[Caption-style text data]
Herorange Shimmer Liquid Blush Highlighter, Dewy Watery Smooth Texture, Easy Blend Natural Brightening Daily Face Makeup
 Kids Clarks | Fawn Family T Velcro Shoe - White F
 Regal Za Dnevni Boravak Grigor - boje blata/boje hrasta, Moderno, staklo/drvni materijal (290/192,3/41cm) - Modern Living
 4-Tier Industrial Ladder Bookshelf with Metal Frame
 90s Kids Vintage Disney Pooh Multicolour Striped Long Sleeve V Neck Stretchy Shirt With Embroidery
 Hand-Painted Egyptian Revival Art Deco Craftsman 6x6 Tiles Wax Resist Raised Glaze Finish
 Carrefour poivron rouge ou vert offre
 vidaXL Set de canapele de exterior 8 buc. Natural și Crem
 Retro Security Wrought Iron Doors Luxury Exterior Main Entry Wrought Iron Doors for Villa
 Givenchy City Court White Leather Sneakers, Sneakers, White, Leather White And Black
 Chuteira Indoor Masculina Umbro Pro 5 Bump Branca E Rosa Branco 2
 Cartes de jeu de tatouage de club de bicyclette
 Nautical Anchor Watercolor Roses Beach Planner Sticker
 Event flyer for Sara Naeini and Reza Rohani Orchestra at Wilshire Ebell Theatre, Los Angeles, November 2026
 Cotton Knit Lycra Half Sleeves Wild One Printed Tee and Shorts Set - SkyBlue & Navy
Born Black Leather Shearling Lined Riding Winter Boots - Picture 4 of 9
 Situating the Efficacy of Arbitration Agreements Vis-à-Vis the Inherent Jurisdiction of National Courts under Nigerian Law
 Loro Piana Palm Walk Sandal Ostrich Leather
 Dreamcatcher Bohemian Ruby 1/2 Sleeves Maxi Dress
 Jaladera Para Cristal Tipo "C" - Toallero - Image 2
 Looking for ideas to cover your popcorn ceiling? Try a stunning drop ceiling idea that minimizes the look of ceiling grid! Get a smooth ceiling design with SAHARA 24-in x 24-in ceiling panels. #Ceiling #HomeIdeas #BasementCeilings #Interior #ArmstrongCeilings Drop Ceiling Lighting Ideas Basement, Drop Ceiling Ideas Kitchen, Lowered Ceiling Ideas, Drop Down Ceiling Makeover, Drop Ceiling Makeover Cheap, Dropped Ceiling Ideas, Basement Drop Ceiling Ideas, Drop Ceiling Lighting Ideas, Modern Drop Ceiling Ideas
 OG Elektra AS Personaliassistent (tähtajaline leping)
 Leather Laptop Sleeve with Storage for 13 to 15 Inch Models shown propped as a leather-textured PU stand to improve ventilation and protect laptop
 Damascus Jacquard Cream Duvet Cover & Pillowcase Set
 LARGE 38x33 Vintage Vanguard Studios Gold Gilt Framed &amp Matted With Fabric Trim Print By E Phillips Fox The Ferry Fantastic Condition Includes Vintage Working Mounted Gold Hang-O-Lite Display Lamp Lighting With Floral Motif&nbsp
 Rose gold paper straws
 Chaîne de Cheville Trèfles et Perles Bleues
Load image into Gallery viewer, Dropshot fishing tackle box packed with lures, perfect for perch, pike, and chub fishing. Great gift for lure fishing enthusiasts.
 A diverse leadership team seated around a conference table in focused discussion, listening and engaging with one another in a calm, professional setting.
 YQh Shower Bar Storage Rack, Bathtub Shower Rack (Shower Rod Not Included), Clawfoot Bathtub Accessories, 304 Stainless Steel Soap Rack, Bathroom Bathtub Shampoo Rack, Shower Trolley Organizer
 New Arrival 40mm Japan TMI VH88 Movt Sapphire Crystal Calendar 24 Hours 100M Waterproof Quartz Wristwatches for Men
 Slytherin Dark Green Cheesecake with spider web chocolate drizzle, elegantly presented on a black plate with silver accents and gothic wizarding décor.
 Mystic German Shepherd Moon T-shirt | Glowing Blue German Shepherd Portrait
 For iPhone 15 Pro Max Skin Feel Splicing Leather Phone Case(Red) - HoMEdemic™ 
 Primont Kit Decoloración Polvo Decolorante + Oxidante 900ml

• WHAT YOU HAVE TO DO
Within the records above, the line carrying "Slytherin Dark Green" starts the range and the last line ends it. Set down that range exactly.

• EXERCISE OUTPUT
 Slytherin Dark Green Cheesecake with spider web chocolate drizzle, elegantly presented on a black plate with silver accents and gothic wizarding décor.
 Mystic German Shepherd Moon T-shirt | Glowing Blue German Shepherd Portrait
 For iPhone 15 Pro Max Skin Feel Splicing Leather Phone Case(Red) - HoMEdemic™ 
 Primont Kit Decoloración Polvo Decolorante + Oxidante 900ml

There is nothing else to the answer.